Divide using synthetic division $$ ( x^{3}+12x^{2}+27x+13 ) \div ( x+2 ) $$
Answer
The synthetic division table is:
$$ \begin{array}{c|rrrr}-2&1&12&27&13\\& & -2& -20& \color{black}{-14} \\ \hline &\color{blue}{1}&\color{blue}{10}&\color{blue}{7}&\color{orangered}{-1} \end{array} $$The solution is:
$$ \frac{ x^{3}+12x^{2}+27x+13 }{ x+2 } = \color{blue}{x^{2}+10x+7} \color{red}{~-~} \frac{ \color{red}{ 1 } }{ x+2 } $$Explanation
Step 1 : Write down the coefficients of the dividend into division table. Put the zero from $ x + 2 = 0 $ ( $ x = \color{blue}{ -2 } $ ) at the left.
$$ \begin{array}{c|rrrr}\color{blue}{-2}&1&12&27&13\\& & & & \\ \hline &&&& \end{array} $$Step 1 : Bring down the leading coefficient to the bottom row.

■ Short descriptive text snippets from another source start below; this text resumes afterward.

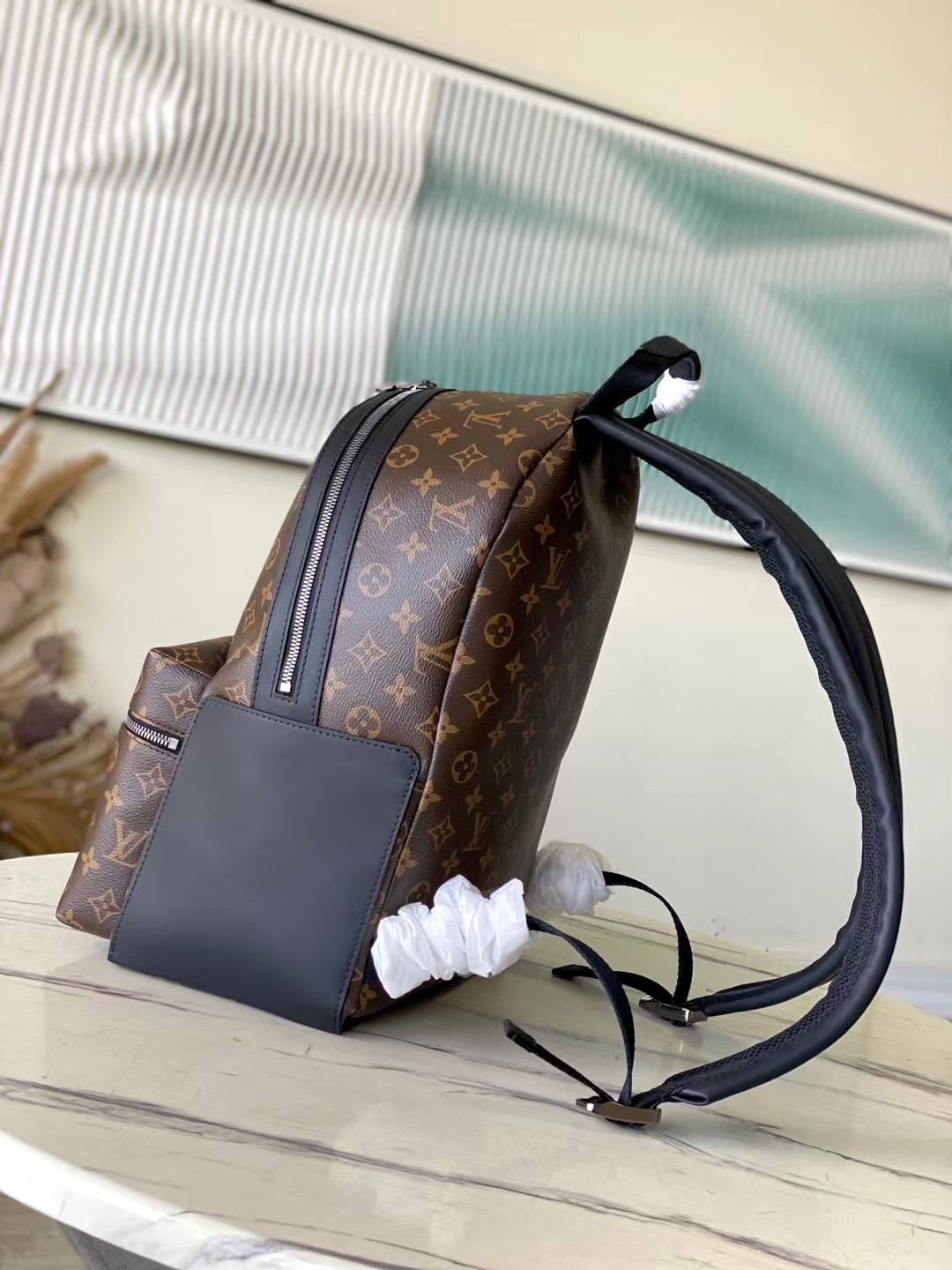 this Discovery PM backpack delivers versatile functionality in a more - Bag 2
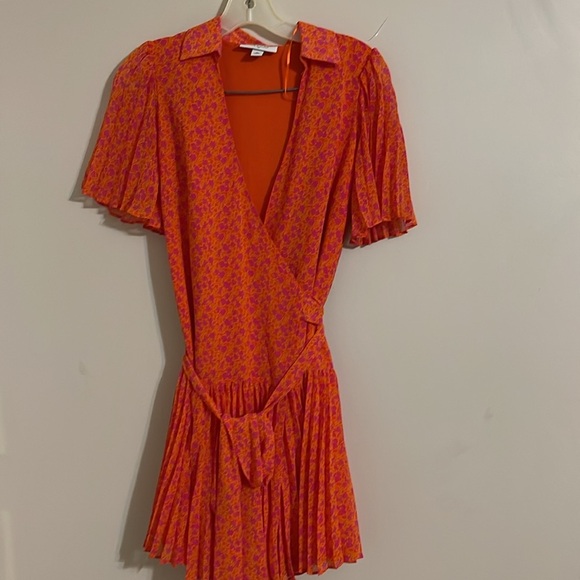ALEXIS for Target orange and pink floral flutter sleeve pleated wrap dress XS - Picture 2 of 6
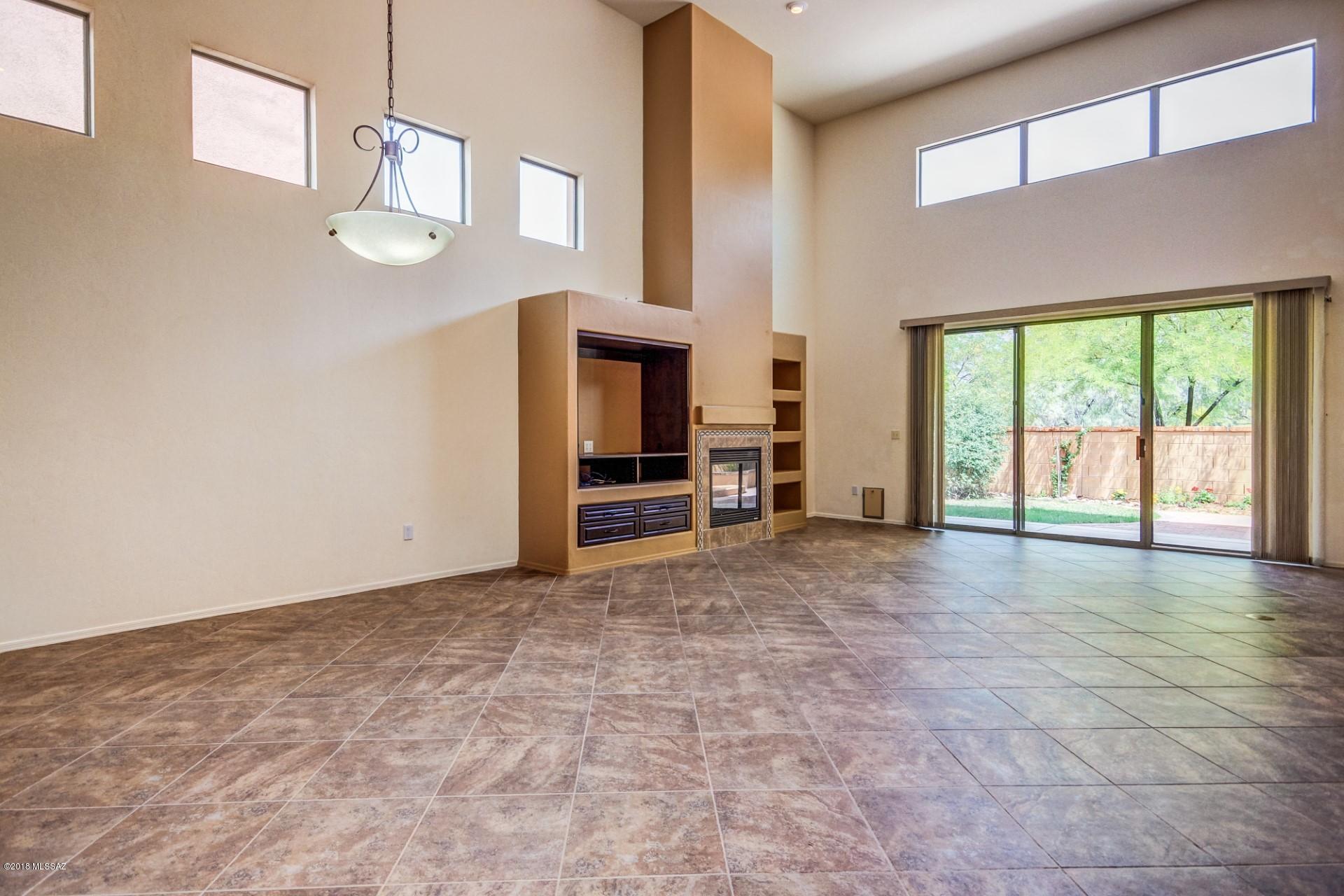 Desert Links (1-48) - Residential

$$ \begin{array}{c|rrrr}-2&\color{orangered}{ 1 }&12&27&13\\& & & & \\ \hline &\color{orangered}{1}&&& \end{array} $$Step 2 : Multiply by the number on the left, and carry the result into the next column: $ \color{blue}{ -2 } \cdot \color{blue}{ 1 } = \color{blue}{ -2 } $.
$$ \begin{array}{c|rrrr}\color{blue}{-2}&1&12&27&13\\& & \color{blue}{-2} & & \\ \hline &\color{blue}{1}&&& \end{array} $$Step 3 : Add down last column: $ \color{orangered}{ 12 } + \color{orangered}{ \left( -2 \right) } = \color{orangered}{ 10 } $
$$ \begin{array}{c|rrrr}-2&1&\color{orangered}{ 12 }&27&13\\& & \color{orangered}{-2} & & \\ \hline &1&\color{orangered}{10}&& \end{array} $$Step 4 : Multiply by the number on the left, and carry the result into the next column: $ \color{blue}{ -2 } \cdot \color{blue}{ 10 } = \color{blue}{ -20 } $.
$$ \begin{array}{c|rrrr}\color{blue}{-2}&1&12&27&13\\& & -2& \color{blue}{-20} & \\ \hline &1&\color{blue}{10}&& \end{array} $$Step 5 : Add down last column: $ \color{orangered}{ 27 } + \color{orangered}{ \left( -20 \right) } = \color{orangered}{ 7 } $
$$ \begin{array}{c|rrrr}-2&1&12&\color{orangered}{ 27 }&13\\& & -2& \color{orangered}{-20} & \\ \hline &1&10&\color{orangered}{7}& \end{array} $$Step 6 : Multiply by the number on the left, and carry the result into the next column: $ \color{blue}{ -2 } \cdot \color{blue}{ 7 } = \color{blue}{ -14 } $.
$$ \begin{array}{c|rrrr}\color{blue}{-2}&1&12&27&13\\& & -2& -20& \color{blue}{-14} \\ \hline &1&10&\color{blue}{7}& \end{array} $$Step 7 : Add down last column: $ \color{orangered}{ 13 } + \color{orangered}{ \left( -14 \right) } = \color{orangered}{ -1 } $
$$ \begin{array}{c|rrrr}-2&1&12&27&\color{orangered}{ 13 }\\& & -2& -20& \color{orangered}{-14} \\ \hline &\color{blue}{1}&\color{blue}{10}&\color{blue}{7}&\color{orangered}{-1} \end{array} $$Bottom line represents the quotient $ \color{blue}{ x^{2}+10x+7 } $ with a remainder of $ \color{red}{ -1 } $.